Quantitative Analysis
Managerial and Administrative Expenses and the Cost of Running a Business

Not all expenses are directly tied to production or trading. Some exist simply because an organisation needs structure, oversight, and support functions to operate.
Managerial and administrative expenses reflect this reality. They represent the ongoing cost of running the organisation itself.
What These Expenses Include
Managerial and administrative expenses typically cover costs related to overall management and corporate functions rather than direct production.
They may include:
- Salaries of senior executives and management staff
- Office and corporate support expenses
- Legal and compliance costs
- Accounting and audit fees
- Human resources and administrative staff costs
These expenses support operations but are not directly tied to revenue generation from core activities.
Where They Appear in Financial Statements
Managerial and administrative expenses are usually reported under operating expenses.
They reduce operating income but are separate from cost of goods sold.

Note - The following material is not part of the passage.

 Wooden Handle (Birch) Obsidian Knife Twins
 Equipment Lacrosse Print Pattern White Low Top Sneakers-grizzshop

This distinction matters when analysing gross margin versus operating margin.
Exams often test whether candidates correctly classify expenses when interpreting income statements.
Impact on Profitability Ratios
Higher managerial and administrative expenses reduce operating profit and net income.
They influence:
- Operating margin
- Net profit margin
- Return on assets
- Return on equity
When comparing companies, differences in administrative cost structure can signal operational efficiency or inefficiency.
Fixed vs Variable Nature
Many managerial and administrative expenses are relatively fixed in the short run.

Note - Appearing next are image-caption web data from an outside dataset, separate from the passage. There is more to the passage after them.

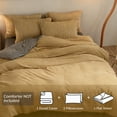 thumbnail image 3 of ANMINY 4-Piece Coral Fleece Duvet Cover Set (Comforter NOT Included), 150GSM Soft Warm Pinstripe Bedding with Hidden Zipper & Corner Ties, King, Gray-Backed, 3 of 7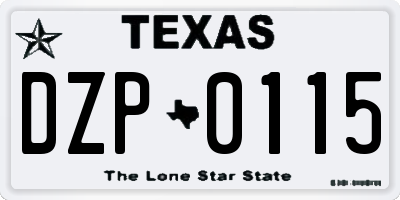 TX license plate DZP0115
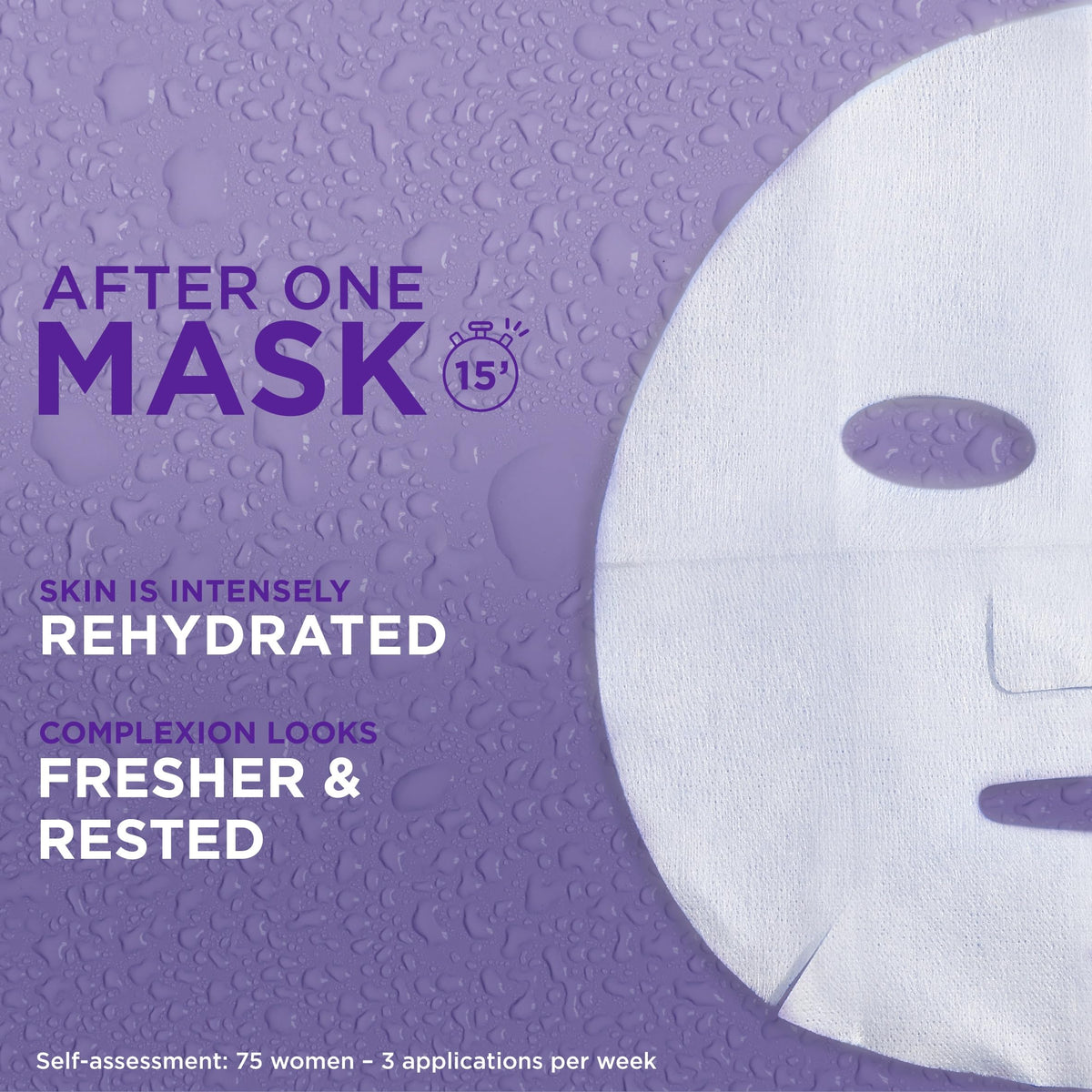 Garnier Moisture Bomb Lavender and Hyaluronic Acid Sheet Mask, Hydrating & Relaxing Face Mask, With Lavender Essential Oil To Revive Fatigued Skin, Biodegradable and Vegan Tissue, 28g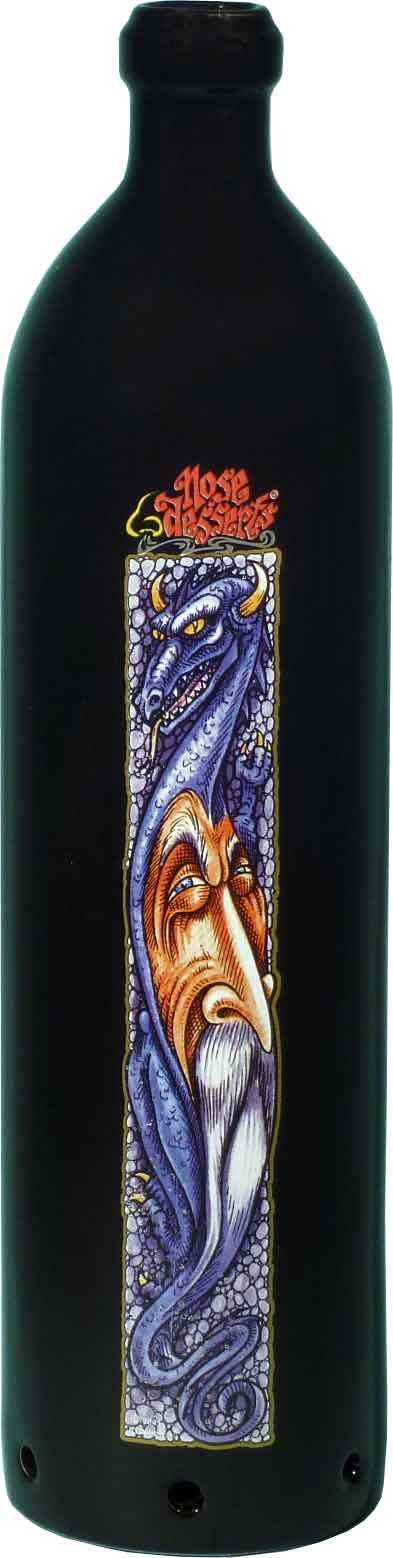 #0400-3101-2841: Morphing Magic Dragon and Wizard Wonderland Fantasy Design, Smoking Bottle Incense Burner - Ash-catcher, by Nose Desserts FREE SHIPPING!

Executive salaries and corporate overhead do not fluctuate directly with output. This means that during revenue declines, these costs can pressure margins more severely.

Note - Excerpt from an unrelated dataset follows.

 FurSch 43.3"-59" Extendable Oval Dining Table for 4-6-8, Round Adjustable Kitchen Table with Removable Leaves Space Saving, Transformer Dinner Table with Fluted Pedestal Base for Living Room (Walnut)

Understanding cost structure helps in analysing operating leverage.
Importance in Fund and Asset Management
In investment funds, managerial and administrative expenses contribute to the expense ratio.
These costs reduce investor returns directly. Even small differences in administrative costs can significantly impact long-term compounded returns.
Exams often test expense ratio interpretation in portfolio management contexts.
Common Student Mistakes
Students often:
- confuse administrative expenses with production costs
- ignore their impact on operating margins
- overlook fixed cost implications during downturns
These errors frequently appear in financial statement analysis questions.
Final Perspective
Managerial and administrative expenses represent the cost of governance, oversight, and corporate support. While not directly tied to production, they significantly affect profitability and efficiency measures. For exam preparation, focus on classification, ratio impact, and cost structure interpretation. Understanding these expenses helps in evaluating both companies and investment funds.